Someone made a good argument to me that the BOM for Tegra2 is too high for the DS2. It needs too many support chips (high performance memory, etc. etc.) and that the overall silicon cost would be far too high for Nintendo to be comfortable.
Just lurking a bit and couldn't resist...
There's only one non-custom SoC today that would have a lower BOM for roughly that level of graphics performance, the Samsung S5PC110 (45nm 1GHz Cortex-A8, 200MHz SGX540 - it's the one in their first Bada phone BTW) and I'd be surprised if Nintendo is going with Samsung. There are two other chips in the same ballpark: OMAP4 and Snapdragon2 (+derivatives of the latter). The former has slightly greater external component requirements (64-bit LPDDR2, HDMI PHY, etc.) whereas the latter integrates a HSPA+ baseband Nintendo nearly certainly wouldn't want. Also the main external components on the Tegra2 reference board are netbook-specific (i.e. related to the multi-cell battery, LVDS, USB hub for >2 ports, etc.) and LPDDR2 isn't *that* expensive in the 2011 timeframe.
Oh, and before any fool takes this to mean the S5PC110 is what is in the iPad: it's amazing how clueless everyone is there. Come on, 'A4', how obvious can you get? It's their fourth custom chip: 90nm A1 in the iPhone 2G/iPod Touch 1G/iPhone 3G, 65nm A2 in the iPod Touch 2G, 65nm A3 in the iPhone 3G S/iPod Touch 3G, 45nm A4 in the iPad and 2010 iPhone. I don't know how many times I'll have to link this PDF, but I guess I'll try again:
http://www.samsung.com/us/business/semiconductor/news/downloads/FoundryBrochure0507.pdf (i.e. quite a bit of the IP is synthesized by Samsung, maybe less each gen, but each of those SoC is definitely custom, see
http://www.eetimes.com/showArticle....E1GHRSKH4ATMY32JVN?articleID=218100442&pgno=2 for the 3GS)
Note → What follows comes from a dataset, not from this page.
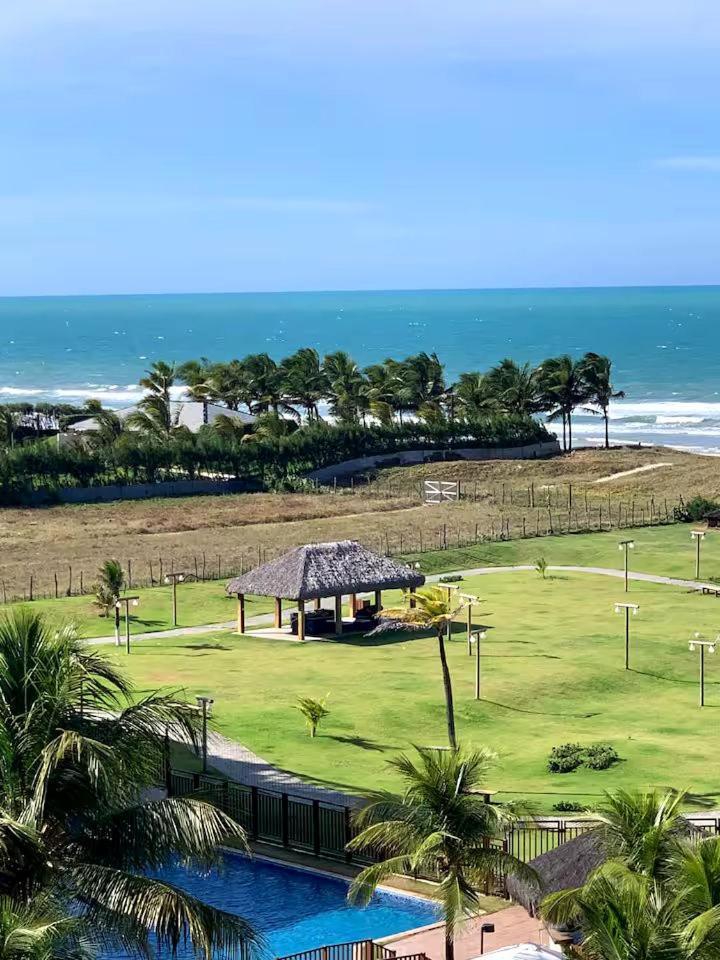 الشقق الفندقية أكويرازفي  Beach Living - Ap Cobertura Vista Mar المظهر الخارجي الصورة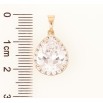 Кулон Xuping Позолота 18K Каплевидный фианит в обрамлении циркония для цепочки до 5мм фото №2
Anyway I do believe however that Nintendo is more likely to go with a custom solution at this point, whether from NV or from someone else. Tegra2 is a bigger chip (~50mm2) than most imagined, and it could also be an unannounced derivative on 40nm or even 28nm, but that seems unlikely. It is also perfectly possible that they have decided to go for a custom non-NV solution at a Japanese manufacturer, although there haven't been many leaks of what that design would be if so. BTW, NVIDIA has claimed publicly to the Linley Group that they will sample Tegra3 (afaik on 28nm with triple gate oxide) before the end of the year, aka Q4. This implies a tape-out schedule around TSMC's "initial risk production" timeframe of June 2010. That will nearly certainly be the first Tegra with a DX10-level/CUDA-capable GPU.
Oh, while I'm at it: there's a slight inaccuracy with the Linley Group's claim that Tegra2 does not support 1080p High Profile. It is supported AFAIK, but only up to ~10Mbps (so YouTube 1080p is fine), whereas Main Profile and Baseline are supported to substantially higher bitrates (so definitely no Blu-ray ISOs). Video Encode, on the other hand, remains 1080p Baseline. And I wasn't sure, but someone from NV confirmed on their forums that NEON is not supported on either core, fwiw.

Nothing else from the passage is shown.